Non è vero. Federer e Nadal stanno cercando di sopravviversi, con risultati mai visti nello sport a livello assoluto e non solo nel tennis, per piantare la croce in vetta ed essere sicuri che il rivale non sia più in grado di arrivarci a quella croce, o addirittura trovi una montagna, un giorno, più alta dell’Everest. Nadal però non mente quando dice che forse quella del numero di Slam non è la priorità, non è il motivo vero per il quale continua ad allenarsi e lottare con la stessa dedizione inscalfibile di dieci anni fa.

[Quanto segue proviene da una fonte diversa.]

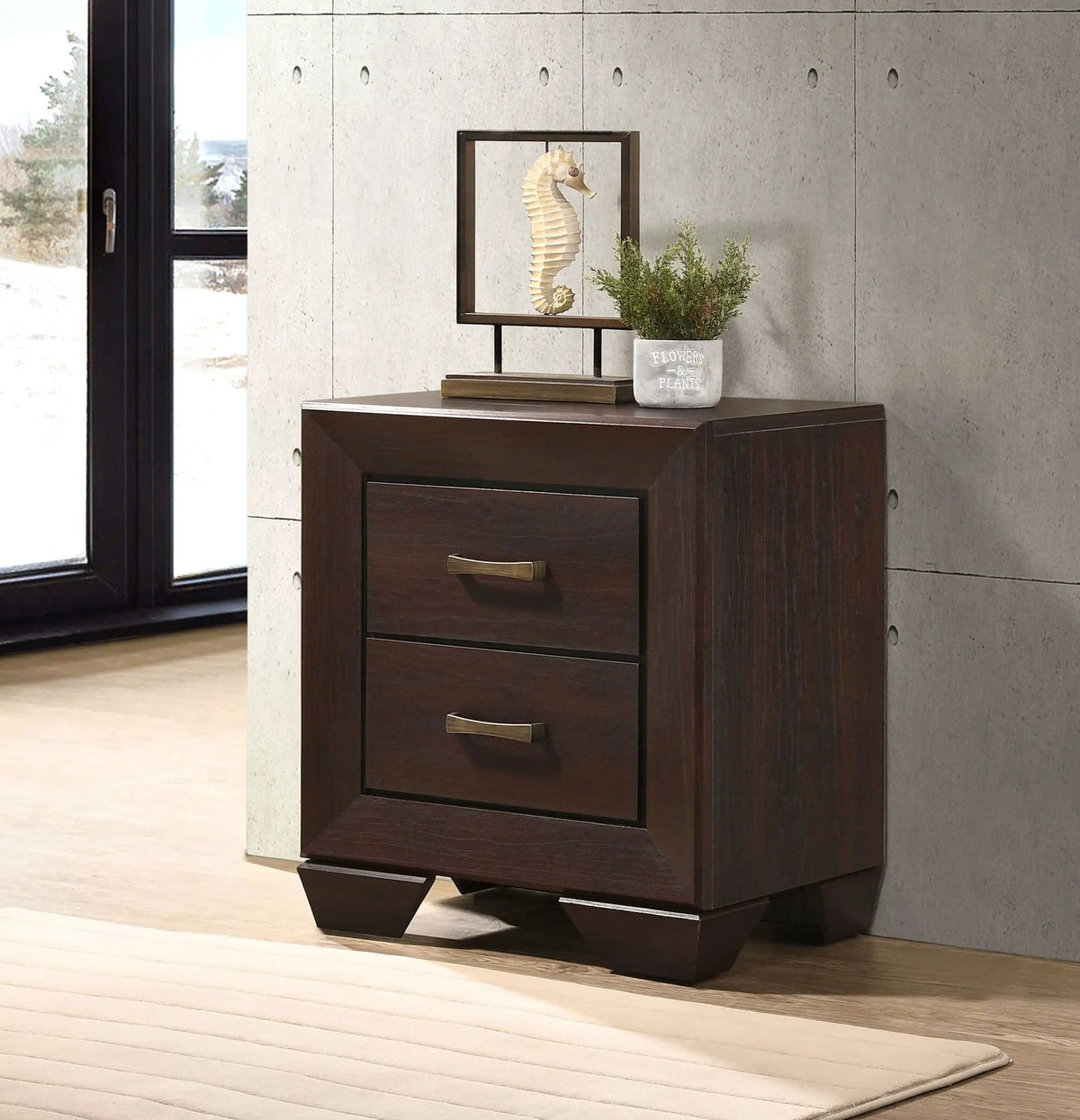 Kauffman 2-drawer Nightstand Dark Cocoa | 23.5 x 16.5 x 27 in | Wood | Bedroom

E con lui Federer, che avrebbe risposto alla stessa guisa, gli fosse stata fatta domanda simile a Londra o altrove.

Quello che sfugge ai microfoni, un sussurro che rimane e rimarrà più nel vento che nei libri, è che Federer e Nadal stanno combattendo per qualcosa di molto più grande del numero di Slam. Roger e Rafael stanno, soprattutto, combattendo per noi, una battaglia che pochi di noi hanno la forza di combattere. Quella contro il Tempo. La sfida non è dimostrare chi è capace di vincere più major. È anche quella, sì, ma viene da corollario, secondaria a un’altra sfida ben più impegnativa: quella di dimostrare che la vecchiaia, semplicemente, non esiste. E se esiste la si può eludere con una finta di polso, con una discesa a rete, con un dritto più piatto o un rovescio più lavorato, avanzando in risposta, studiando. Il postulato è semplice: non importa avere trenta o quarant’anni, l’importante è dimostrare a se stessi e al mondo che si può ancora stare in campo contro i ventenni. Batterli. Perché superare Zverev o Kyrgios non significa superare un tedesco e un australiano, significa battere le lancette dell’orologio. È una missione educativa e filosofica al tempo stesso, perché Rafa e Roger navigano, timone saldamente in mano, all’interno di una crociata impensabile: dimostrare che il Tempo è solo una categoria del pensiero. Serve per ordinare il mondo ma non è affatto valore assoluto, non è verità. “Incredibile vincere un altro Wimbledon, quindici edizioni dopo il primo” dichiarava con finto stupore Federer mentre sollevava la coppa dei Championships, pensando, probabilmente “che bello, forse tra qualche anno potrò sostituire quel quindici con venti, venticinque. E così via”.

Potremo parlare finché vorremo di ‘lost generation’, ‘weak era’. Se preferiamo possiamo farlo in italiano, un periodo ‘senza rivali’, l’assenza del fisiologico ‘ricambio generazionale’. Forse è tutto vero. E di sicuro, oggi a maggior ragione, è bello e affascinante pensare alla Rivoluzione, ai giovani pieni di coraggio che prendono il potere. La stiamo aspettando tutti, diciamocelo, annoiati da quei due, da quei quattro, dalla divisione salomonica degli Slam e dalla spartizione dittatoriale dei Roland Garros e dei Wimbledon. Perché in fondo dopo tante sicurezze e immobilismo un po’ di incertezza ci vuole, cavolo, mica siamo tutti Leonid Breznev!

Federer e Nadal, però, mica ascoltano il passante che nei suoi anni corrosi dal Tempo si occupa di tennis. Federer e Nadal continuano a combattere incessantemente la loro battaglia contro il dio che governa da sempre l’umanità e le sue cose. Si stancheranno, un giorno, perché quel dio ha dimostrato a più riprese di essere imbattibile. Siamo pronti a scommettere, però, che in questa lotta Federer (che a differenza di Djokovic…) e Nadal saranno i campioni capaci di spingersi più in là, di vincere più lontano. Non lo fanno e non lo faranno per loro stessi. Lo fanno per noi, per i nostri figli, per farci dire, stirando le braccia a quarant’anni e prendendo una bella boccata d’aria di montagna, a pieni polmoni: “Ah, che meraviglia la giovinezza!”.